**WORK TO COMPLETE**
Write out the whole listing, matching it exactly.

**PROVIDED ENTRIES**

###

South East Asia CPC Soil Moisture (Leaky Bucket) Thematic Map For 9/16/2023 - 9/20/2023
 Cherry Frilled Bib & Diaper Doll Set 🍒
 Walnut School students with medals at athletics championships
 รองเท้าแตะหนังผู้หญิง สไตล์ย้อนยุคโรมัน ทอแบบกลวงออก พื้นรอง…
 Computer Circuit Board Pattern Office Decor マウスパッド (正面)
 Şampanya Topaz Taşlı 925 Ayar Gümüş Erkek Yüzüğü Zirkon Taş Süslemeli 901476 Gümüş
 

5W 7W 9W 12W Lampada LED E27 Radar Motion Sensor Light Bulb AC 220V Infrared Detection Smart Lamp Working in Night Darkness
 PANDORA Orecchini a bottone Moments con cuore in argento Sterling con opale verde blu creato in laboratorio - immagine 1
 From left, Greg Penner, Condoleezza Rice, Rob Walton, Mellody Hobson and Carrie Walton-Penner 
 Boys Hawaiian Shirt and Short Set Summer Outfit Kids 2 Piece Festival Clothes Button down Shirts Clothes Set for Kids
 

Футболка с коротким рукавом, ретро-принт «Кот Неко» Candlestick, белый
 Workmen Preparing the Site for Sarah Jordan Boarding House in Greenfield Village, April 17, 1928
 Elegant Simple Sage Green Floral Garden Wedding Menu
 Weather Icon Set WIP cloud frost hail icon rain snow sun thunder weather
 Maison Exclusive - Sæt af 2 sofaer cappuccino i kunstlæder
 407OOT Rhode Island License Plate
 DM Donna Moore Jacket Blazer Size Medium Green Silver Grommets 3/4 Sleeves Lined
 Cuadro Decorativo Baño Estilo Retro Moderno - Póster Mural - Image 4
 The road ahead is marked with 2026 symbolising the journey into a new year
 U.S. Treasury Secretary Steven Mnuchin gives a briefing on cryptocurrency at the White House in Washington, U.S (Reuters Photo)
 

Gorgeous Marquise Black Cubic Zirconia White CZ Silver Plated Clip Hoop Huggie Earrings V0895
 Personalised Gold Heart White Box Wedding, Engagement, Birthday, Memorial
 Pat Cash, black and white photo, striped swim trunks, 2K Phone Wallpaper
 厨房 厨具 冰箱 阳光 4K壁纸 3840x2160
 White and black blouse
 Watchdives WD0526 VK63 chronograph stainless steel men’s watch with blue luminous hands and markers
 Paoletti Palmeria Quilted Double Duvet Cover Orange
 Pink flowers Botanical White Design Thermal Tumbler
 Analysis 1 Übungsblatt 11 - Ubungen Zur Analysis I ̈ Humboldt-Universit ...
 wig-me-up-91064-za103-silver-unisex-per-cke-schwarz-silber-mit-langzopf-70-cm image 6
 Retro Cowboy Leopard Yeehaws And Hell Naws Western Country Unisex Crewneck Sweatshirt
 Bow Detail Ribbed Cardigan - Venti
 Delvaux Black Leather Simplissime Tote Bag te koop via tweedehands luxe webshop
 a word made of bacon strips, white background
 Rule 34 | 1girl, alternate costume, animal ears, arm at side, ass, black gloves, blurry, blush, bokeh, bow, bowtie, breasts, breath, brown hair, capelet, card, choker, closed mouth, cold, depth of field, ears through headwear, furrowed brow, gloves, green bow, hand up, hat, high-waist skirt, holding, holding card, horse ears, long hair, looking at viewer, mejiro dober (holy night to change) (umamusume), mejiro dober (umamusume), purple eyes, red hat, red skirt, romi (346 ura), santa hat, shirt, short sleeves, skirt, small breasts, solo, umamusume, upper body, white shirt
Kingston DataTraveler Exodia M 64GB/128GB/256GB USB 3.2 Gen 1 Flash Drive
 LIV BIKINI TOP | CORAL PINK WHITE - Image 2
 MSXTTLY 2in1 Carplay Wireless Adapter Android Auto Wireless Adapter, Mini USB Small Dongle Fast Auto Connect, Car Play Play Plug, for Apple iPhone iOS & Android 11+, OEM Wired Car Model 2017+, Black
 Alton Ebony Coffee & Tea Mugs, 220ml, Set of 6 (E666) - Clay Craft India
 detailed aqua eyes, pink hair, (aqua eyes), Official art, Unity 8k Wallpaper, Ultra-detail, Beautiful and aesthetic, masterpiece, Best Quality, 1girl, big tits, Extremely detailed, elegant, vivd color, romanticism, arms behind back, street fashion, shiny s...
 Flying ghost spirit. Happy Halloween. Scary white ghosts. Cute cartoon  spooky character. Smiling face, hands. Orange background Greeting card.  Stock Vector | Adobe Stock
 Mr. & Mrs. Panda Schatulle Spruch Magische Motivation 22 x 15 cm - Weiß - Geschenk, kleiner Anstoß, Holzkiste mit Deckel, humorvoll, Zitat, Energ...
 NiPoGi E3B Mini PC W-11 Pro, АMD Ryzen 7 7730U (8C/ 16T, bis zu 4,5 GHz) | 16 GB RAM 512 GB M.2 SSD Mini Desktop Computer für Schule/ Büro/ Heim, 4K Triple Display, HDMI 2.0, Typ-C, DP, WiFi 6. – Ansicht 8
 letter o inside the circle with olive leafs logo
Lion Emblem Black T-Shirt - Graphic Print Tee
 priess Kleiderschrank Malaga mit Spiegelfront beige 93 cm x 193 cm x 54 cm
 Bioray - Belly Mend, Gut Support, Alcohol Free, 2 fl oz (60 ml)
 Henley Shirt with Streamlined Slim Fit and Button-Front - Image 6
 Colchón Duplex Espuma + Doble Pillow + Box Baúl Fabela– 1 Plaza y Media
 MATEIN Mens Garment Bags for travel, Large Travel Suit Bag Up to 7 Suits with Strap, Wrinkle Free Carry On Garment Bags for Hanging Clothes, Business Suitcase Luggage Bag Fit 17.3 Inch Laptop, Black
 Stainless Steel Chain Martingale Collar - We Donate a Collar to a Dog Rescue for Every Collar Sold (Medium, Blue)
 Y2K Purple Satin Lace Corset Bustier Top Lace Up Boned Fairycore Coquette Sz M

###

**OUTPUT FOR THIS EXERCISE**
South East Asia CPC Soil Moisture (Leaky Bucket) Thematic Map For 9/16/2023 - 9/20/2023
 Cherry Frilled Bib & Diaper Doll Set 🍒
 Walnut School students with medals at athletics championships
 รองเท้าแตะหนังผู้หญิง สไตล์ย้อนยุคโรมัน ทอแบบกลวงออก พื้นรอง…
 Computer Circuit Board Pattern Office Decor マウスパッド (正面)
 Şampanya Topaz Taşlı 925 Ayar Gümüş Erkek Yüzüğü Zirkon Taş Süslemeli 901476 Gümüş
 

5W 7W 9W 12W Lampada LED E27 Radar Motion Sensor Light Bulb AC 220V Infrared Detection Smart Lamp Working in Night Darkness
 PANDORA Orecchini a bottone Moments con cuore in argento Sterling con opale verde blu creato in laboratorio - immagine 1
 From left, Greg Penner, Condoleezza Rice, Rob Walton, Mellody Hobson and Carrie Walton-Penner 
 Boys Hawaiian Shirt and Short Set Summer Outfit Kids 2 Piece Festival Clothes Button down Shirts Clothes Set for Kids
 

Футболка с коротким рукавом, ретро-принт «Кот Неко» Candlestick, белый
 Workmen Preparing the Site for Sarah Jordan Boarding House in Greenfield Village, April 17, 1928
 Elegant Simple Sage Green Floral Garden Wedding Menu
 Weather Icon Set WIP cloud frost hail icon rain snow sun thunder weather
 Maison Exclusive - Sæt af 2 sofaer cappuccino i kunstlæder
 407OOT Rhode Island License Plate
 DM Donna Moore Jacket Blazer Size Medium Green Silver Grommets 3/4 Sleeves Lined
 Cuadro Decorativo Baño Estilo Retro Moderno - Póster Mural - Image 4
 The road ahead is marked with 2026 symbolising the journey into a new year
 U.S. Treasury Secretary Steven Mnuchin gives a briefing on cryptocurrency at the White House in Washington, U.S (Reuters Photo)
 

Gorgeous Marquise Black Cubic Zirconia White CZ Silver Plated Clip Hoop Huggie Earrings V0895
 Personalised Gold Heart White Box Wedding, Engagement, Birthday, Memorial
 Pat Cash, black and white photo, striped swim trunks, 2K Phone Wallpaper
 厨房 厨具 冰箱 阳光 4K壁纸 3840x2160
 White and black blouse
 Watchdives WD0526 VK63 chronograph stainless steel men’s watch with blue luminous hands and markers
 Paoletti Palmeria Quilted Double Duvet Cover Orange
 Pink flowers Botanical White Design Thermal Tumbler
 Analysis 1 Übungsblatt 11 - Ubungen Zur Analysis I ̈ Humboldt-Universit ...
 wig-me-up-91064-za103-silver-unisex-per-cke-schwarz-silber-mit-langzopf-70-cm image 6
 Retro Cowboy Leopard Yeehaws And Hell Naws Western Country Unisex Crewneck Sweatshirt
 Bow Detail Ribbed Cardigan - Venti
 Delvaux Black Leather Simplissime Tote Bag te koop via tweedehands luxe webshop
 a word made of bacon strips, white background
 Rule 34 | 1girl, alternate costume, animal ears, arm at side, ass, black gloves, blurry, blush, bokeh, bow, bowtie, breasts, breath, brown hair, capelet, card, choker, closed mouth, cold, depth of field, ears through headwear, furrowed brow, gloves, green bow, hand up, hat, high-waist skirt, holding, holding card, horse ears, long hair, looking at viewer, mejiro dober (holy night to change) (umamusume), mejiro dober (umamusume), purple eyes, red hat, red skirt, romi (346 ura), santa hat, shirt, short sleeves, skirt, small breasts, solo, umamusume, upper body, white shirt
Kingston DataTraveler Exodia M 64GB/128GB/256GB USB 3.2 Gen 1 Flash Drive
 LIV BIKINI TOP | CORAL PINK WHITE - Image 2
 MSXTTLY 2in1 Carplay Wireless Adapter Android Auto Wireless Adapter, Mini USB Small Dongle Fast Auto Connect, Car Play Play Plug, for Apple iPhone iOS & Android 11+, OEM Wired Car Model 2017+, Black
 Alton Ebony Coffee & Tea Mugs, 220ml, Set of 6 (E666) - Clay Craft India
 detailed aqua eyes, pink hair, (aqua eyes), Official art, Unity 8k Wallpaper, Ultra-detail, Beautiful and aesthetic, masterpiece, Best Quality, 1girl, big tits, Extremely detailed, elegant, vivd color, romanticism, arms behind back, street fashion, shiny s...
 Flying ghost spirit. Happy Halloween. Scary white ghosts. Cute cartoon  spooky character. Smiling face, hands. Orange background Greeting card.  Stock Vector | Adobe Stock
 Mr. & Mrs. Panda Schatulle Spruch Magische Motivation 22 x 15 cm - Weiß - Geschenk, kleiner Anstoß, Holzkiste mit Deckel, humorvoll, Zitat, Energ...
 NiPoGi E3B Mini PC W-11 Pro, АMD Ryzen 7 7730U (8C/ 16T, bis zu 4,5 GHz) | 16 GB RAM 512 GB M.2 SSD Mini Desktop Computer für Schule/ Büro/ Heim, 4K Triple Display, HDMI 2.0, Typ-C, DP, WiFi 6. – Ansicht 8
 letter o inside the circle with olive leafs logo
Lion Emblem Black T-Shirt - Graphic Print Tee
 priess Kleiderschrank Malaga mit Spiegelfront beige 93 cm x 193 cm x 54 cm
 Bioray - Belly Mend, Gut Support, Alcohol Free, 2 fl oz (60 ml)
 Henley Shirt with Streamlined Slim Fit and Button-Front - Image 6
 Colchón Duplex Espuma + Doble Pillow + Box Baúl Fabela– 1 Plaza y Media
 MATEIN Mens Garment Bags for travel, Large Travel Suit Bag Up to 7 Suits with Strap, Wrinkle Free Carry On Garment Bags for Hanging Clothes, Business Suitcase Luggage Bag Fit 17.3 Inch Laptop, Black
 Stainless Steel Chain Martingale Collar - We Donate a Collar to a Dog Rescue for Every Collar Sold (Medium, Blue)
 Y2K Purple Satin Lace Corset Bustier Top Lace Up Boned Fairycore Coquette Sz M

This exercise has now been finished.